二階宿とは一階が食堂や酒場で、その二階が投宿できるようになった宿屋のこと。かつては駅前食堂兼旅館という宿がずいぶんあったが、コンビニエンスストアで24時間弁当が買えるようになり、多くはビジネスホテルに変わってしまった。でも全国を探せば今でも「二階宿」は残っている。その代表格、山形県蔵王温泉のど真ん中にある小さな宿、「ろばた」をご紹介しよう。

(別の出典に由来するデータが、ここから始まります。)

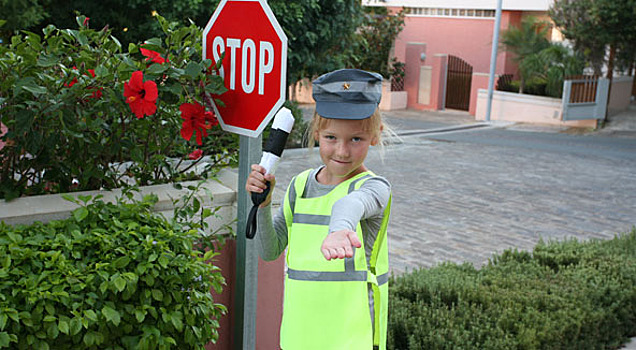 28 мая пройдет профилактическое мероприятие «Маленький пешеход»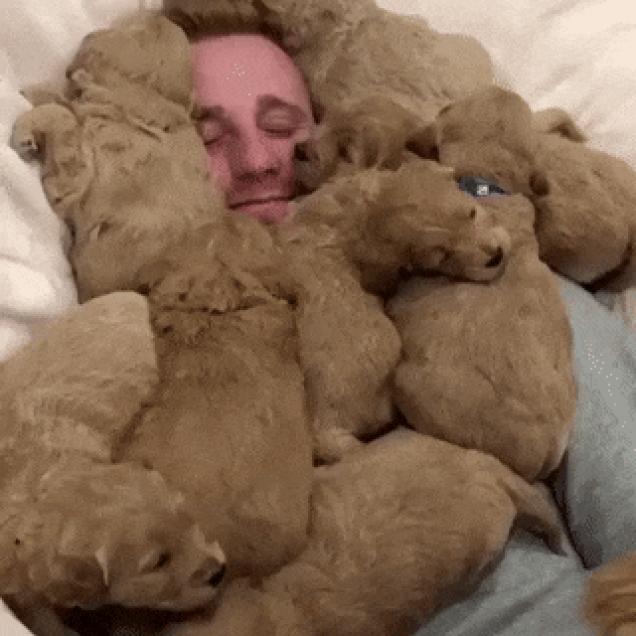 Moving Image Mayhem, Animal Edition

宿がある蔵王へは山形新幹線で山形まで行くのが一般的だが、仙台まで「はやて」に乗り、10分おきに出ている高速バスで1時間という方法もある。山形駅前から出ている蔵王温泉行きのバスで約40分。朝に東京を発てばちょうどお昼には到着する。
蔵王の夏は聖地トレッキング
爽やかな高原の空気を楽しみながら、お釜までトレッキング
蔵王連峰はかつて山岳信仰を集めた山。江戸時代には最上川を隔てて月山を「お西様」、蔵王を「お東様」と呼び、白装束に身を包んだ行者たちが参拝する聖地だった。その蔵王の登山口にある蔵王温泉は、宿坊または湯治場として賑わったという。今では秋口まで様々はトレッキングコースが用意されているので、高山植物たちを愛でながら、シンボルのお釜まで山歩きするのも楽しい。
強酸性! 硫黄泉で汗も脂もサッパリと
山歩きで流した汗は、名だたる硫黄泉(草津と同じ泉質)で流そう。 「ろばた」には敷地内から湧く源泉を引く温泉風呂があるが、せっかくなので外湯巡りをおすすめしたい。まずは、宿の隣にある共同湯「川原湯」が便利。木造の湯小屋が温泉気分を盛り上げてくれることだろう。大露天風呂は4月下旬から11月下旬までの営業。入浴料は大人450円
湯船の色は絵の具を垂らしたかのようなエメラルドブルー。お湯は川の上流にある源泉からそのまま注がれていてフワフワと湯の花が舞っている。これぞ火山系温泉の醍醐味とでもいおうか。強酸性の湯は余分な脂も落としてくれるから、湯上りには肌がサッパリとする。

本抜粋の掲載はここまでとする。